Sporting venue in Hawthorn, Victoria

St James Park (formerly known as West Hawthorn Reserve) is an Australian rules football and cricket venue located in the Melbourne suburb of Hawthorn. The name also refers to the wider public park in which the main oval is located.

The ground was opened in 1861 and was originally known as the Hawthorn Cricket Ground. It was the home ground of the Hawthorn Football Club for its inaugural season in 1902.

As of 2026, St James Park is the home of the Swinburne University Football Club in the Victorian Amateur Football Association (VAFA). The club nicknames the ground "The Pig Pen" or "The Porktress".

==History==
In 1858, the Road Board (under the Boroondara Road District) sought to secure certain grounds opposite the residence of James Frederick Palmer, the president of the Victorian Legislative Council. The land was originally reserved by the Crown and known as West Hawthorn Reserve or Hawthorn Recreation Reserve. It was gazetted as a public reserve in February 1861. Cricket was first played at the ground in the 1870s, while football was recorded for the first time in 1881.

By 1900, the Hawthorn Cricket Ground was fenced and had six entry gates. Victorian Junior Football Association (VJFA) club used the ground during the 1900 season.

In April 1902, the Hawthorn Football Club was formed and entered the Metropolitan Junior Football Association (MJFA), playing its home matches at the Hawthorn Cricket Ground. After one season, Hawthorn moved to Richmond Racecourse because of conditions imposed by the Hawthorn Cricket Club.

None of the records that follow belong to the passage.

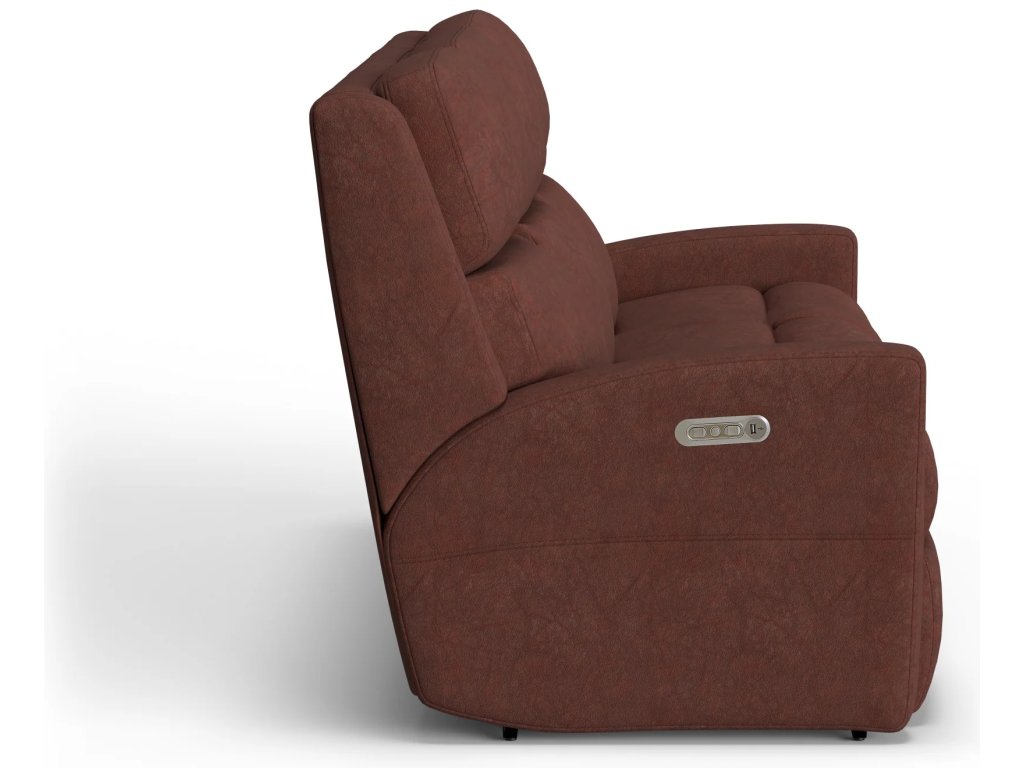Catalina Leather Power Reclining Sofa with Power Headrests - image 5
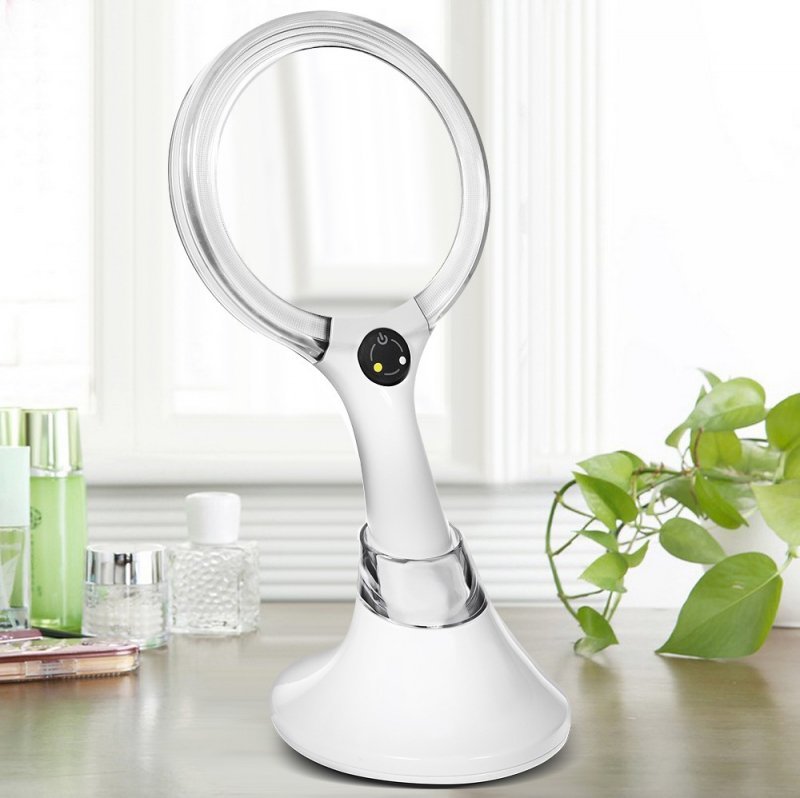 Lustro lampa kosmetyczna podświetlane dwustronne 1x/5x  Promedix PR-100 + bezprzewodowa ładowarka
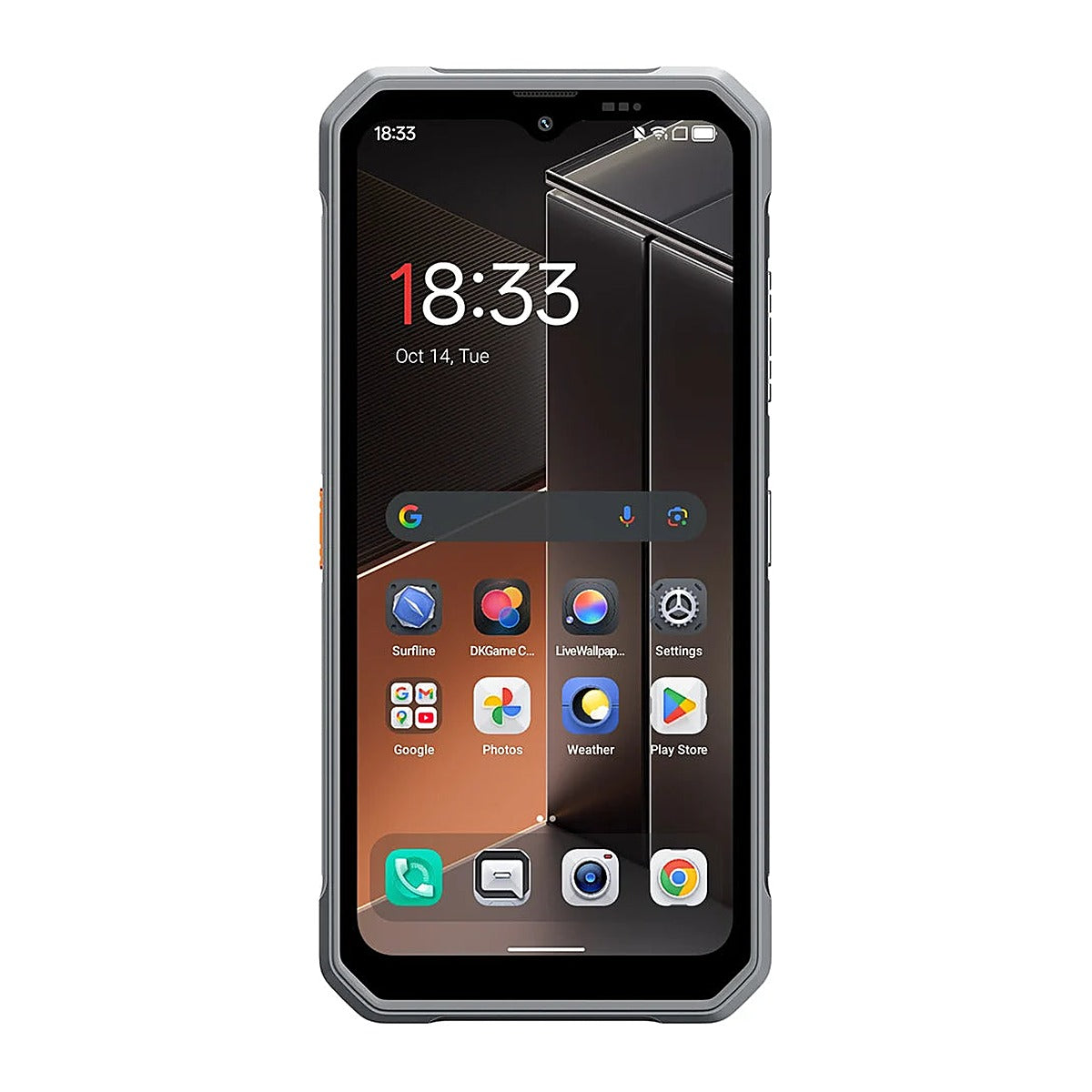 Blackview Celular Fort 100 6.56" HD+ 6GB 128GB 4G LTE NFC IP68/IP69K Negro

Both the Diggers Football Club and the West Hawthorn Presbyterian Football Club were given permission to use the ground during the 1924 season.

The Hawthorn War Memorial was opened at St James Park in 1929.

The "St James Park" name originated from Palmer's estate, but it was also used by the St James Park Football Club, which played at the ground in 1887. It was not used as an official name until the 1970s.

On 1 September 1982, St James Park was placed on a non-statutory local government heritage list; and the Victorian branch of the National Trust also added to a non-statutory list on an unknown date.

St James Park has been utilised by Hawthorn West Primary School (formerly known as Hawthorn West State School) for sporting activities as early as the 1920s.

==Transport access==
St James Park is primarily serviced by tram route 75, which stops directly outside the Burwood Road end of the ground. The Hawthorn railway station is a short walking distance from the ground.